Sophie Scholl – ein Folteropfer?

In einigen Berichten über die Weiße Rose wird Sophie Scholl als Folteropfer dargestellt. Dieser Irrtum geht auf mehrere fehlerhafte Berichte der damaligen Zeit zurück.


Das Gerücht, Sophie Scholl sei nach ihrer Verhaftung von der Gestapo gefoltert worden, taucht in der Literatur über die Weiße Rose auch heute noch auf, vor allem in englischsprachigen Essays, die im Internet erscheinen.

Gerne wird in diesem Zusammenhang auf den US-amerikanischen Journalisten William L. Shirer verwiesen, der noch 1960 in seiner sonst so exzellenten Studie über das Dritte Reich behauptet, sie sei während ihrer Vernehmung so unmenschlich behandelt worden, dass sie mit gebrochenem Bein vor Gericht erschienen sei (→ Shirer 1990, S. 934).

Auch Allen W. Dulles (Germany’s Underground) und John W. Wheeler-Bennet (The Nemesis of Power) verbreiteten in ihren Büchern diese Legende. Aus welcher Quelle sich diese Vermutung speist, lässt sich nur schwer sagen. Bekannt ist, dass Sophie Scholls Zellengenossin Else Gebel nach Kriegsende davon gesprochen hat; freilich ist Gebels Aussage bekanntermaßen mit Vorsicht zu genießen.

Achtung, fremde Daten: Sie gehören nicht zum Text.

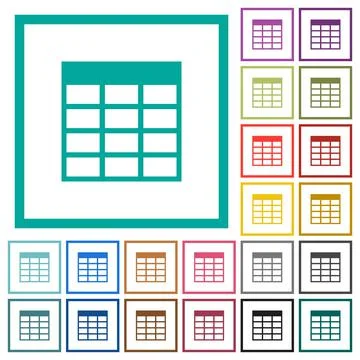 Spreadsheet table flat color icons with quadrant frames Illustrazione stock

Das Gerücht bestand allerdings schon lange vorher. So beschreibt die Journalistin Ruth Andreas-Friedrich in einem Tagebucheintrag vom 23. März 1943 die Erzählung eines Geheimkuriers, der in seinem Lagebericht davon sprach, dass Sophie Scholl beim Verhör das Bein gebrochen worden sei und sie zur Hinrichtungsmaschine habe getragen werden müssen (→ Andreas-Friedrich 1986, S. 106).

Weiter verbreitet wurde der Mythos dann in einigen frühen Nachkriegsartikeln, die sich teilweise auch mit einer angeblichen Kusine der Geschwister Scholl beschäftigten. Annemarie Scholl behauptete darin, dass sie genauso wie Sophie Scholl von der Gestapo gefoltert worden sei (→ Hikel, S. 53 f.).

Dass Berichte über die Weiße Rose in jener Zeit noch überaus fehlerhaft waren, ist natürlich den damaligen Umständen geschuldet. Heute sollten nachweislich falsche Angaben freilich nicht mehr wiederholt werden.